Sushi: A DSL for Conversational Flow Design

TL;DR

We share our experience on how we built a conversational bot with Finite State Machines. It turned out to have its own shortcomings so we built a (Domain-Specific Language) DSL to design our flows and called it “Sushi”.

Sushi is a more flexible and straight-forward tool to build complicated flows.

A Conversational Bot

At bol.com we want to help our customers with questions as quickly as possible, and preferably do it automatically. So we developed "ContactBot"! This product is built with this goal in the mind: saving money in Customer Service by redirecting questions for bol.com partners directly to partners, without interference by bol.com call agents.

bol.com a platform for 20000 partner shops

The bol.com webshop has its own products but also is a platform for more than 20.000 partner sellers. Currently, if our customers have questions they will always contact the bol.com customer service first. If the question is best answered by a partner seller, the customer will be redirected to the partner. To improve the customer experience and to save costs, we want to automatically determine which party is most suitable to answer the question.

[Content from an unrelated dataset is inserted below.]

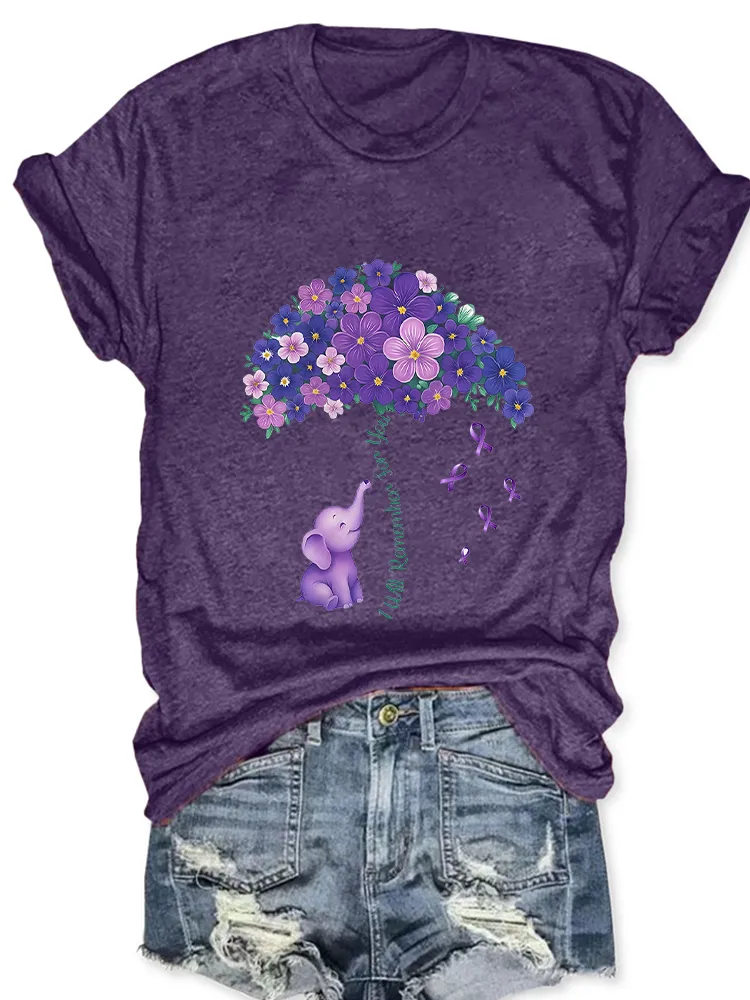 Women'S I Will Remember For You Round-Neck Short-Sleeved T-Shirt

ContactBot was the idea to route customers in a more efficient way to the channels to get their issues solved. We do this by showing appropriate channels to our users to contact with and encouraging to select these channels based on the information we get from them in previous steps.

Building the bot

We analyzed the design of a product that serves a conversation-like question & answer with customers without free text input. This indicated that in each step of the question we try to understand what the customer intends to reach, and indeed this needs to be done in several different ways and combinations of situations specific for the customers. We started by translating the problem into a Finite State Machine problem, where each state shows what the conversation situation is in terms of functional design. There is a clear mapping among different states of the conversations, and each state change is triggered by a certain event. In each of the states the bot should perform a certain job and then a transition occurs based on the input we get from the user.

We picked some libraries for FSM implementations and encountered several shortcomings, e.g. static declaration of states as enums and less flexibility in defining action types in state changes.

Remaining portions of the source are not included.